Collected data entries
•••••

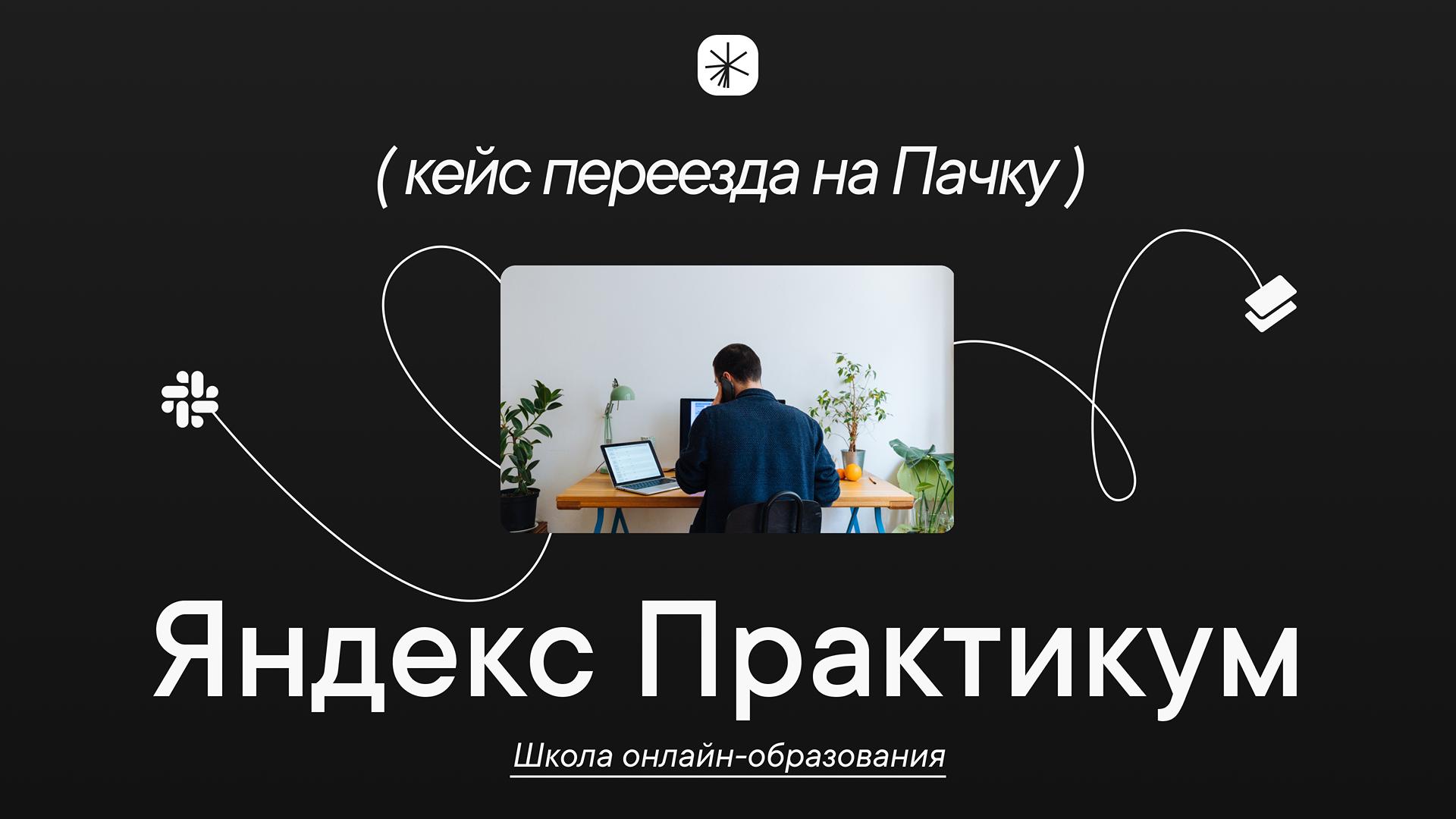 Яндекс Практикум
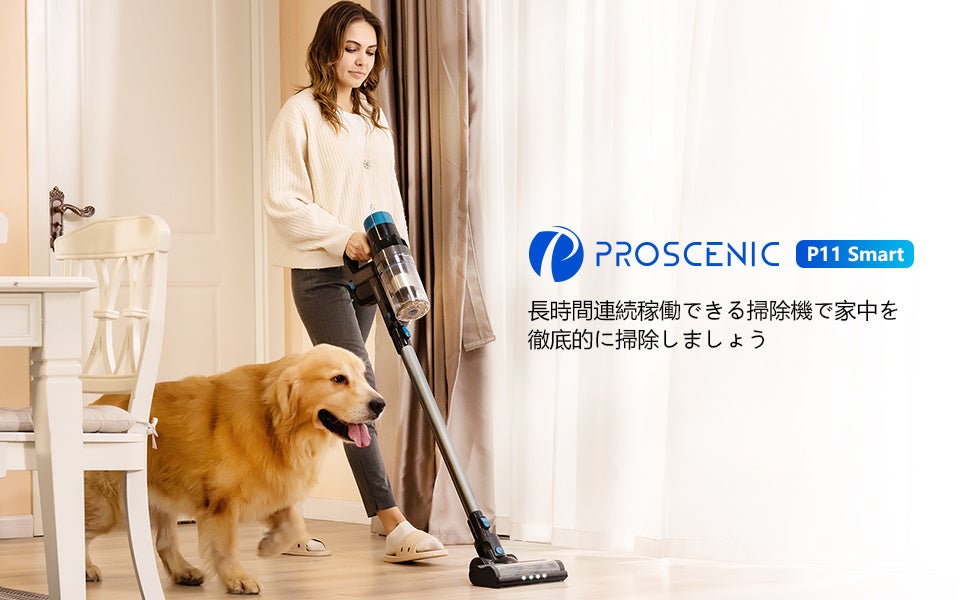 掃除家電｜Proscenic P11 SMARTコードレス掃除機が7000円クーポンが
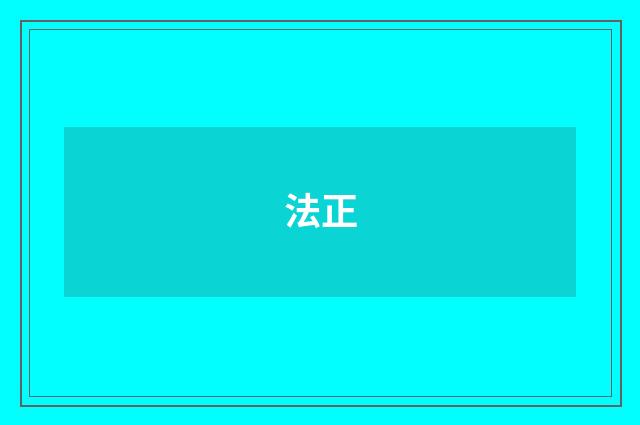 法正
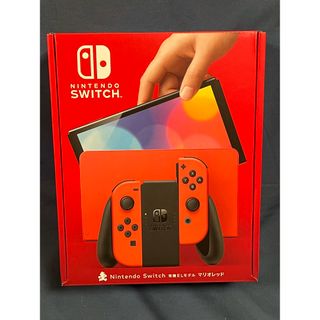 任天堂スイッチ有機ELモデル マリオレッド 新品未開封 2023年11月購入(家庭用ゲーム機本体)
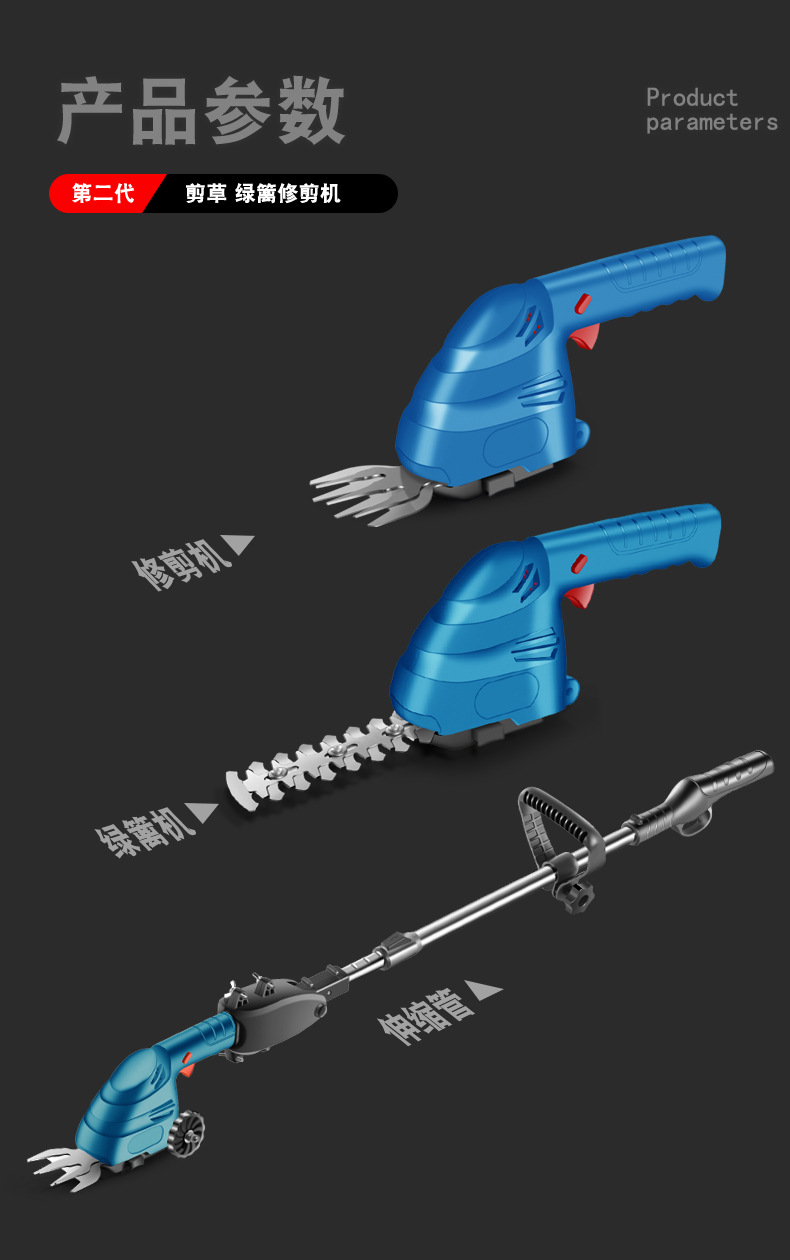 E-5 триммер аккумуляторный​
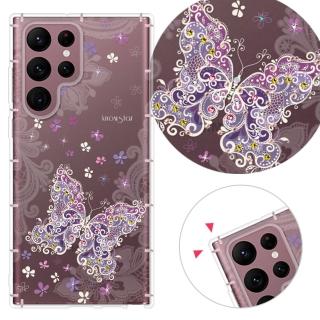 【KnowStar】三星 Note、S系列 彩鑽防摔手機殼-花蝴蝶(S25Edge/S25Ultra/S24FE/S23/S22+/S21/S20FE/10Lite)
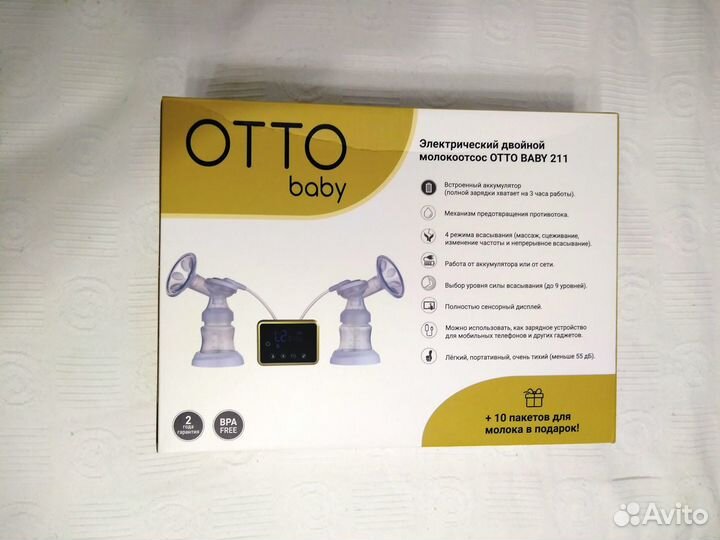 Двойной молокоотсос электрический otto baby 211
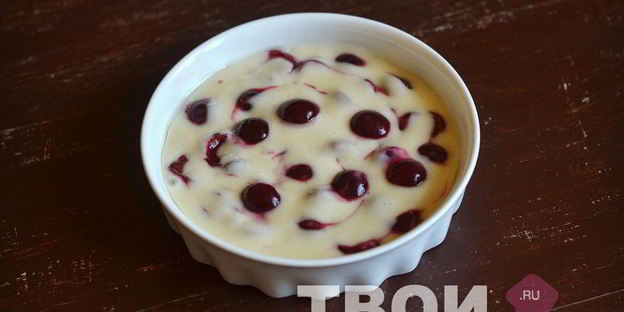 шарлотка с вишней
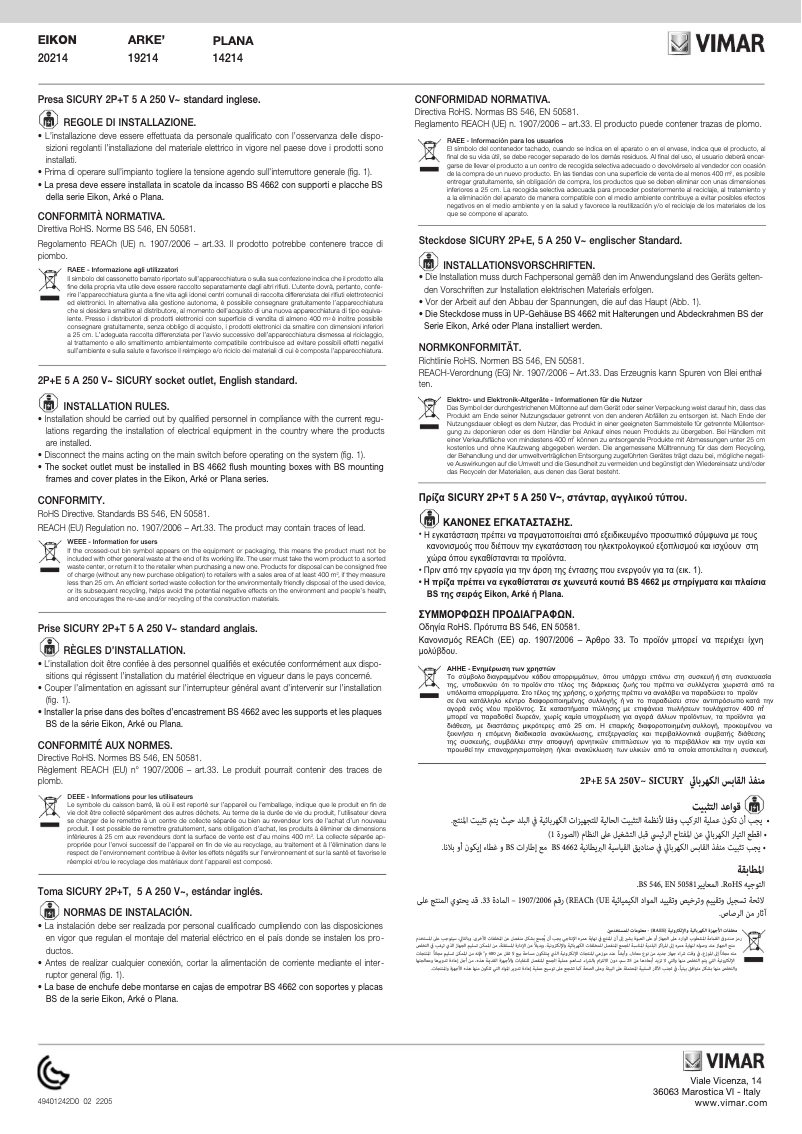 Page n°1 - Manuel utilisateur Vimar 20214.N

•••••

*EXERCISE AIM*. Omitting the pictures, copy each record above exactly as it stands.

*RESULT BELOW*.
 Яндекс Практикум
 掃除家電｜Proscenic P11 SMARTコードレス掃除機が7000円クーポンが
 法正
 任天堂スイッチ有機ELモデル マリオレッド 新品未開封 2023年11月購入(家庭用ゲーム機本体)
 E-5 триммер аккумуляторный​
 【KnowStar】三星 Note、S系列 彩鑽防摔手機殼-花蝴蝶(S25Edge/S25Ultra/S24FE/S23/S22+/S21/S20FE/10Lite)
 Двойной молокоотсос электрический otto baby 211
 шарлотка с вишней
 Page n°1 - Manuel utilisateur Vimar 20214.N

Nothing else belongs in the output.